A profile of farmer and food activist Bob St. Peter as part of the “Food Voices” series.
WhyHunger is pleased to be partnering with Andrianna Natsoulas, longtime food sovereignty activist and author of the forthcoming book Food Voices: Stories of the Food Sovereignty Movement. In 2010, Andrianna began a journey across the Americas to capture the stories of people working towards and living a just and sustainable food system. As she continues her journey, spanning from Nova Scotia to Ecuador to Brazil and beyond, we will feature highlights of the stories she gathers.
Bob St. Peter is a farmer in Segdwick, ME, Hancock County. He is it is cofounder and member of the Board of Directors of Food For Maine’s Future, a board member of National Family Farm Coalition, and a member of La Via Campesina. Bob balances his ability to organize his community with his ability to farm. Below are Bob’s statements.
Through the organizing work — local farm, local food organizing work — this moment has arisen where people are being presented with a choice of the future for our community. There are enough of us now openly talking about it in that context. We’re going to have to do something collectively about it. So, we have people from across a political spectrum getting together and saying that we want to preserve this way of life. A group of us have crafted a local ordinance that would exempt direct farm sales from the people who are producing the food to the people who are eating it from many state or federal licensing and inspection regulations. Basically, regulations that are usurping our self governance, our right to govern our own local food supply and to not have any undue burdens placed upon that. We are asserting our food sovereignty and saying that we have it under control and we can do a better job than the state department of agriculture and certainly the USDA (United States Department of Agriculture) and FDA (Food and Drug Administration).

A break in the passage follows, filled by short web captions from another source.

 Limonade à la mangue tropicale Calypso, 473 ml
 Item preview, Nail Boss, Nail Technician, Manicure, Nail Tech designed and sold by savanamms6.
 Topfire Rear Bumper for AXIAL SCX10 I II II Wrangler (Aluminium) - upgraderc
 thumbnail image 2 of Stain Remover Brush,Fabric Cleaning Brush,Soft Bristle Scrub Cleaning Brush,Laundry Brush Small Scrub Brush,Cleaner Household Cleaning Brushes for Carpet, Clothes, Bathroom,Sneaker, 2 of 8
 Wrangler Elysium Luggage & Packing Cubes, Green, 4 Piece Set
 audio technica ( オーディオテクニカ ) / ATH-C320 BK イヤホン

If people are on the land and able to support themselves and their community, then they are less susceptible to tyranny. A survey of the history of conquest reveals that the conquerors always go after the food supply first. If you are going to colonize or conquer people, you take away their ability to feed themselves, and that has been shown time and again. And coincidentally or not, that pretty much has happened in this country for the last 70 years. Rural communities have been stripped of their ability to feed themselves because of very specific policy choices at the highest levels of government. If you say we are subject to tyranny, then you usually get lumped in with the Tea Party. It’s not so much tyranny of the government per se, as it is tyranny of the corporations who are aided and abetted by the government. And that’s what’s undermined our ability to feed ourselves.

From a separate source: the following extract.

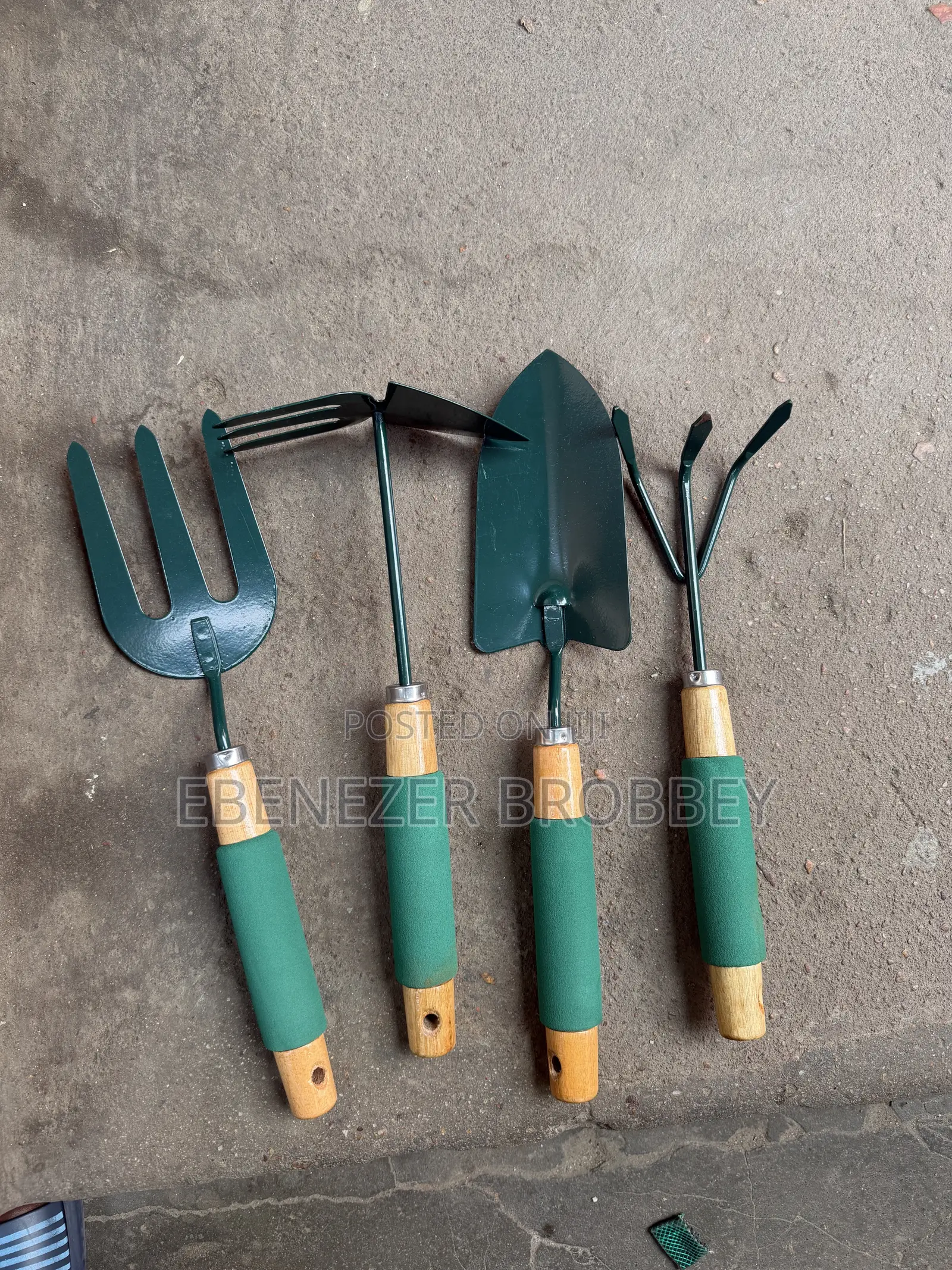 Set of Garden Tools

The more we attach ourselves to the cash economy, the more dependent we are on the people who control the cash economy and we have to play by their rules. In terms of maintaining our way of life here, as rural people, as people of the land, we understand there is a need to generate cash so we can pay our bills. But if the direction of our movement is to commercialize and market and make that the priority, then we are going to be missing a lot of the security that comes with being able to make our own decisions in our own community about what gets produced, for whom, and at what price.